Une stratégie du meurtre
«Il n’y a pas d’innocents dans une invasion.» Tout au long de son texte, le terroriste procède à une déshumanisation méthodique de ses victimes, systématiquement désignées comme des «envahisseurs», collectivement coupables d’avoir voulu «occuper les terres de mon peuple et le remplacer ethniquement». Même le meurtre d’enfants se voit justifié, au motif que «les enfants des envahisseurs ne restent pas enfants : ils deviennent adultes et se reproduisent, créant davantage d’envahisseurs pour remplacer votre peuple. […] Chaque envahisseur que vous tuez, quel que soit son âge, est un ennemi de moins pour vos enfants». Cet appel à l’épuration ethnique s’accompagne d’une liste de dirigeants à «tuer» : la chancelière allemande Angela Merkel, le président turc Recep Tayyip Erdogan et le maire de Londres Sadiq Khan.
De cette stratégie du meurtre, présentée comme une légitime «vengeance», le terroriste attend des effets politiques : censée décourager l’immigration, elle doit aussi «inciter à la violence, à la vengeance et approfondir la division entre le peuple européen et les envahisseurs qui occupent son sol». Un projet symétrique à celui de l’Etat islamique, dont les attentats répétés devaient, eux aussi, exacerber les antagonismes des sociétés européennes.
Un «fascisme» post-national et séparatiste
«Pour une fois, cette personne qu’on désignera comme fasciste en sera vraiment une.» Si Brenton Tarrent assume l’étiquette, ainsi que le qualificatif «raciste», il s’inscrit dans une démarche post-nationale, attachée non aux Etats-nations mais aux identités ethniques et à la «civilisation européenne».
Tout au long du texte, c’est d’ailleurs comme «Européen», terme synonyme pour lui de «blanc», que s’identifie le terroriste, citoyen australien passé à l’action en Nouvelle-Zélande. «L’Australie, comme le reste des colonies européennes, n’est qu’une branche de l’Europe, justifie-t-il.

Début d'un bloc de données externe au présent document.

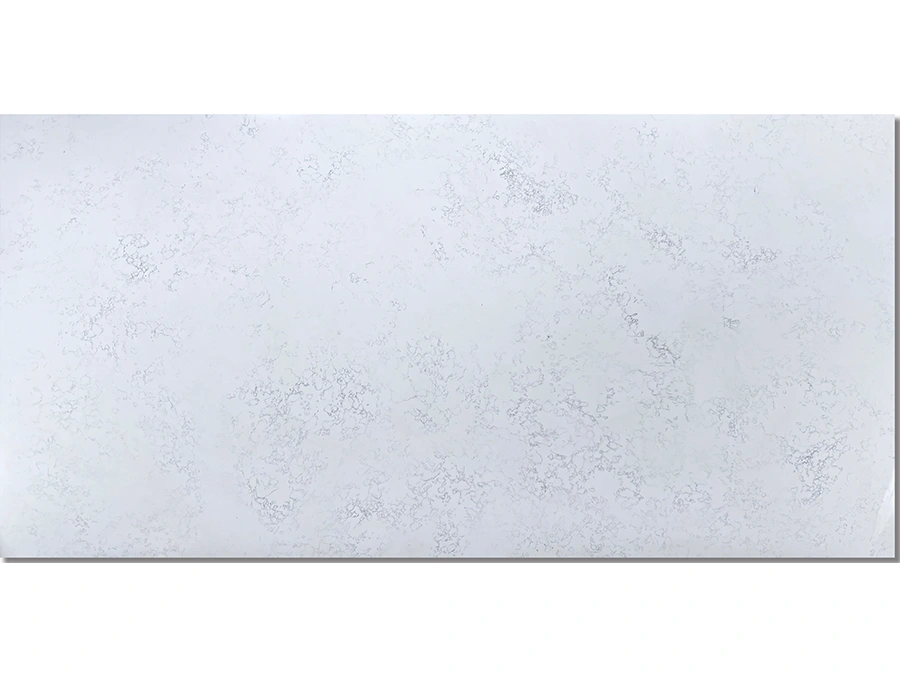Calacatta Carrara Quartz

Un doigt sur la main du corps européen.» Expression d’un néofascisme «mondialisé», selon le mot de l’historien Nicolas Lebourg, où un affrontement ethnique global se substitue au choc des nations. L’homme professe en outre un racisme «séparatiste», visant moins à établir la domination d’une ethnie sur l’autre que de mettre fin à toute cohabitation entre elles.
A plusieurs reprises, l’Australien exprime également des préoccupations environnementales, allant jusqu’à se définir comme «écofasciste» - signe supplémentaire, pour Lebourg, d’une extrême droite «post-moderne»,«bricolant» son logiciel par l’emprunt à d’autres traditions politiques. A ces références, le manifeste prend soin de mêler plusieurs éléments d’une «culture populaire» d’extrême droite, produits d’appel pour les suprémacistes du monde entier. Sur la première et la dernière page du document apparaît ainsi l’image stylisée d’un soleil noir. Ponctuellement utilisé sous le IIIe Reich, ce symbole ésotérique est populaire dans la mouvance néonazie. Tout comme la phrase «Nous devons assurer l’existence de notre peuple et un futur pour les enfants blancs», citée à plusieurs reprises. Ce credo du suprémaciste blanc américain David Lane est si connu que la mouvance le résume par l’expression «les quatorze mots», et a fait du chiffre 14 l’un de ses codes récurrents. Le terroriste recommande enfin l’usage de mèmes, ces images frappantes ou humoristiques diffusées en masse sur les réseaux sociaux : «Créez des mèmes, postez des mèmes, partagez des mèmes. Les mèmes ont plus fait pour le mouvement ethnonationaliste que n’importe quel manifeste.»